Lo studio ha permesso di raccogliere 221 testimonianze: 69 malati, 70 care giver, 50 medici di medicina generale e 32 medici specialisti. Sono state effettuate inoltre 15 interviste ai funzionari delle ASP locali. Dei 71 malati interpellati 22 sono di Cosenza e provincia, 23 di Reggio Calabria, 11 di Catanzaro, 9 di Vibo Valentia e 4 di Crotone. Hanno un’età media di 65 anni, sono in maggioranza donne, diplomate e ora pensionate.

La ricerca, condotta tra giugno e dicembre 2017, ha voluto approfondire il livello di conoscenza degli intervistati riguardo alle caratteristiche e ai bisogni dei malati di SLA e ai servizi a cui devono accedere con l’obiettivo di raccogliere risposte utili al miglioramento della presa in carico dei pazienti da parte del sistema sanitario e assistenziale locale.

La ricerca evidenzia infatti, oltre alla scarsa conoscenza dei servizi sanitari da parte delle famiglie (oltre il 70% dei care giver non sa quali sono i servizi a cui il loro famigliare deve accedere), anche la necessità di migliorare la qualità delle cure e dell’assistenza: oltre il 50% dei care giver si è rivolto a ospedali esterni alla Calabria per avere la diagnosi, il 66% di loro ritiene inadeguati i servizi assistenziali territoriali post-diagnosi (per esempio l’assistenza domiciliare e i supporti socio-assistenziali).

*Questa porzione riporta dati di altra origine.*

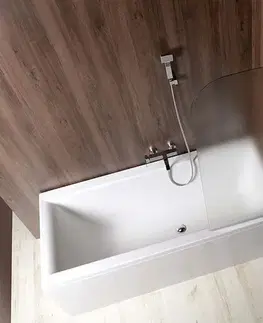 Sprchové dvere AQUALINE - VILMA vaňová zástena 600x1400, chrom, pravá, matné sklo AQ6018P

Significativo il fatto che il 60% delle famiglie intervistate ritenga che la propria situazione finanziaria, dopo la comparsa della malattia, sia “compromessa o a rischio”. Anche sul fronte dei medici emergono diversi punti da migliorare: per esempio il 66% dei medici specialisti afferma che non esiste un percorso terapeutico dedicato alla SLA nella loro ASP.

I funzionari delle ASP intervistati dichiarano il bisogno di un percorso di continuità aziendale ospedaleterritorio, la necessità della formazione dei medici di medicina generale e un miglioramento dell’organizzazione regionale.